In three months of stalling, more than 700 refugees’ flights were canceled.
“I am confounded by his betrayal of a key promise to those of us who voted him into office,” Sheila Joiner, advocacy coordinator for We Welcome Refugees, told CT. “There has been a groundswell of support from the resettlement agencies that welcome refugees, the faith communities and local organizations that partner with them, and individual advocates. We are ready to put action to our words; we just need President Biden to keep his promise.”
Maintaining a consistent witness
According to some political reporting, Biden and his advisers were concerned about mounting attacks from conservatives accusing the Democrats of throwing open US borders and creating chaos with an apparent open invitation to come to America. Though immigration is handled separately from asylum seekers and asylum seekers are separate from the refugee program, the political professionals were reportedly less concerned about the technical issues of administration and more about the optics.
Soerens noted that the order not to increase the number of refugees accepted to the US came a week after a poll found that refugee resettlement was less popular than everything else on Biden’s immediate agenda. For decades, support for refugee resettlement was mostly bipartisan and received especially strong support from evangelicals. In recent years, the topic has become more politically divisive, and many conservatives reject the idea that America should welcome any foreigners, even those fleeing oppression.
A 2018 poll showed only a quarter of white evangelicals believe the US has a responsibility to resettle refugees. That minority of evangelicals is well organized, though, and willing to speak up loudly.
“We have to maintain a consistent witness for what's right and for human dignity—which means it really doesn’t matter where any herd of politicians goes,” ERLC president Russell Moore told CT. “We have to be the people reminding ourselves and the outside world of the image of God in human beings, whether people want to hear that or not. That applies to unborn children and to Somali refugees. It applies to elderly people and the disabled. It applies to everybody.”
Evangelical advocates for refugees also see the US program as a way to help the persecuted church around the world. World Relief noted that under Trump, the number of Christian refugees who came to the US from the 50 countries on Open Doors USA’s World Watch List dropped from more than 18,000 in 2015 to fewer than 1,000 in 2020.
“A sensible immigration policy must start with those groups which are targeted and whose lives are in danger because they are a religious minority within their home country,” said David Curry, CEO of Open Doors USA. “Prioritizing the most endangered communities within immigration policy should be common sense, but has too often been overlooked.”

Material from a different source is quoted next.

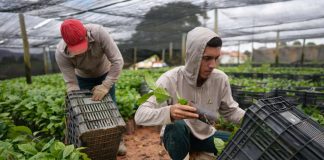 Brazil robusta coffee growers push for quality amid rising prices and climate concerns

US Commission on International Religious Freedom vice chair Tony Perkins said that accepting refugees from religious persecution is one way the nation demonstrates its commitment to religious freedom. The US, he said in a statement, should be a safe haven for persecuted people from all over the world.
Biden’s flip-flop on refugees, however discouraging to advocates, did create an opportunity for Christians to speak up for human dignity. While leaders wait to see if Biden will follow through with his promise in May, they say last week’s temporary victory was still important.
“It feels like we're in a consequential moment,” said Walter Kim, president of the NAE, “which is challenging, but it's also a beautiful opportunity that, if the church could step into it, will really speak to the vitality of the gospel and what Jesus offers to this next generation in the decades to come.”